— Значит, вы признаете, пусть без Бога, закрепление за народом определенной земли? Зачем же мы захватили их Прибалтику?
— А передел земли никогда не кончается. Это движущая сила истории, Паня, борьба за территории. Во всем мире так…
— Что — да, то — да, — вздыхает Шпрехт. — Я думаю, придет время и немцы пойдут опять. Они ж в хороших условиях размножаются, им каждому по комнате дай и еще место для машины. А сколько там этой ФРГ? Они захватят демократов, а Польша сама им ворота отчинит. И все пойдет по новой. Яволь, геноссе!
— Ты-то будешь рад, — сказал Сорока. — Ты их язык не забываешь…
— Я способный к языкам, — смеется Шпрехт. — Когда колхозы создавали в Марийской автономной, я быстро стал понимать. И в Грузии когда жил. А немецкий легкий… Машиненгеверен… Это пулемет… Ди зонненшайн… Это значит солнце… Фатер… ж Мутер… Ложится на язык…
— На поганый твой язык, — отвечает Сорока. — А мне вот гордо лялякать по-ихнему.
— Вы, Сорока, не были в оккупации, — кричит Панин, — вы, Сорока, драпанули за Урал…
— А ты что, на передовой был? — Сорока не обижается. — Ну драпанул… — Он объяснял им в свое время: нету у меня храбрости, такая моя природа. Но в тылу я работал по двадцать часов. Конечно, можно это повторить, но Сороке неохота. Ему вообще неохота спорить, ругаться. Он за свою жизнь столько этого имел! А эти беспартийные Панин и Шпрехт от слов не освободились, они в них еще пенятся, шипят. Конечно, и время пришло, что у всех языки развязались. Можно позвонить Миняеву в органы, он хоть там и никто, но напугать этих старых пердунов может. У всех ведь дети… Намекнуть, что может прекратиться их рост по службе, если отец язык мылом не вымоет. Надо, надо будет подговорить Миняева. Поставить ему стакан самогона и устроить тут цирки и баню.
— Про Миняева слышали? — спросил Шпрехт.
Сорока чуть не подпрыгнул, это же надо! Он ведь сейчас думал именно про него!

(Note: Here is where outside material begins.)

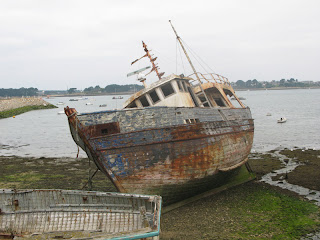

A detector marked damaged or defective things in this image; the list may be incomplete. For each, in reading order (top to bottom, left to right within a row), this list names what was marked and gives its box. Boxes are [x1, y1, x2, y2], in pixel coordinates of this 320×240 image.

— А что? — спросил Сорока. — Я ж сегодня никуда не выходил.
— Умер, — ответил Шпрехт. — Встал утром на ноги, за штанами потянулся и шпрехен зи дойч.
— Воздержусь от комментариев, — сказал Панин.
Сорока же был как бы в ступоре. В голове его столкнулись и не могли разойтись мысли. О встрече с Миняевым на случай пугнуть этих трепачей Панина и Шпрехта, хорошая рисовалась встреча, веселая, с самогоном и идеей, и это все напоролось на падающего замертво Миняева, которому судьба даже времени на одевание штанов не оставила. Это нехорошо, размышлял Сорока, одновременно продолжая прокручивать в голове живую мысль, как они сядут за стол с Миняевым и придумают эту хохму с пуганием. Хорошая хохма могла получиться, все в ней где надо лежало, а Миняев, получается, спрыгнул. Сачканул раньше времени.
— Вы так не переживайте, — сочувственно сказал Шпрехт. — Оно ведь… Смерть хорошая… На подъеме… На вставании. Форвертц…
— Подвел меня Миняев, подвел, — сказал наконец Сорока. — У меня с ним дело было…
— Лучше ничего не задумывать, — ответил Панин. — Жить одним днем.
— Так и дня ж может не быть! — вдруг заплакал Сорока. — Еще штаны были не надеваны, а день возьми и кончись…
Он косолапо, старо уходил от них, путаясь в длинном фартуке, закрыл за собой калитку и снял шляпу.
— Пойду и я, — вздохнул Панин. — Почитаю… газеты.
Шпрехт еще постоял посреди улицы. Голым ногам было хорошо на земле, он чувствовал, как пульсирует кровь в мякоти пальцев. «Капиллярная система в порядке, — думал он. — Застойных явлений нет».
Он уходил медленно, размахивая руками с розовыми тапками.
Почему-то ему стало спокойно. Конечно, если разо-браться, то Миняев этому поспособствовал. Пережить человека из органов — вещь приятная, что там говорить. Это рулетка жизни. И хоть Миняев особо ничего плохого ему не сделал, ну беседовал пару раз на тему интереса к немецкому языку, но лицо не ломал.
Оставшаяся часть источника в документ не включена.